Open Jung19911124 opened this issue 8 months ago • 3 comments

Dear developers/users,

We use ONT ultra-long reads to assemble a species' super-repetitive region (estimated at around 20 Mb). The term ‘ultra-long read’ generally refers to reads with an N50 of around 100 kb, but we have found that it is impossible to assemble this region successfully using data with an N50 of 100 kb. Therefore, we decided to use reads with an N50 of 400-500 kb.

However, when we did error collection with dorado, we found that almost all 200 kb < reads were lost. Is it possible to do error collection while keeping the long reads?

Thanks in advance, Jung

Jung19911124 avatar Mar 30 '25 11:03 Jung19911124

Hi @Jung19911124 ,

However, when we did error collection with dorado, we found that almost all 200 kb < reads were lost.

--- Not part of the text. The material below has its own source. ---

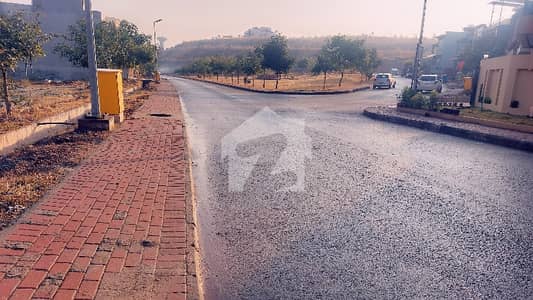 بحریہ انکلیو - سیکٹر ایم بحریہ انکلیو,بحریہ ٹاؤن,اسلام آباد میں 10 مرلہ رہائشی پلاٹ 1.8 کروڑ میں برائے فروخت۔ بحریہ انکلیو - سیکٹر ایم بحریہ انکلیو,بحریہ ٹاؤن,اسلام آباد میں 10 مرلہ رہائشی پلاٹ 1.8 کروڑ میں برائے فروخت۔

You mean, almost all reads > 200kbp were lost? Are they completely removed, or just split into multiple pieces (e.g. do they have a :[number] appended to the back of the output header)?

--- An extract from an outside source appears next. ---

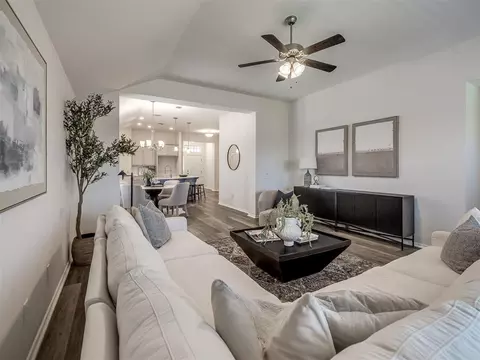 18640 Vivo Dr, Edmond, OK 73012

There is nothing specific in dorado correct which would intentionally filter out super ultra long reads, but perhaps there need to be tweaks or there is a bug, so let's look into it.

What is the average coverage of your super ultra long read dataset?

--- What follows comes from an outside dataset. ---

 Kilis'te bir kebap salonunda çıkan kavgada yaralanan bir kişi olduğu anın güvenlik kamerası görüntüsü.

Can you try running the overlap and correction steps separately? For example:

dorado correct --to-paf reads.fastq > overlaps.paf
dorado correct --from-paf overlaps.paf reads.fastq > corrected.fasta

Do the super ultra long reads have overlaps in the generated PAF file but are not present in the output? The target name column of the PAF file is the important one, as that refers to the target read which will be corrected. If there is a decent coverage of a target read but it did not produce a corrected sequence in the output, this is something I would like to look into.

Could you by any chance extract PAF overlaps for one or more such target reads, and also extract the FASTQ reads referred to by those overlaps (both query and target names, just make sure you deduplicate them), so I can try to reproduce the issue locally?

Thanks in advance!

svc-jstone avatar Apr 03 '25 08:04 svc-jstone

Thank you for your kind reply. I'll try the method you suggested for now. Give me some time.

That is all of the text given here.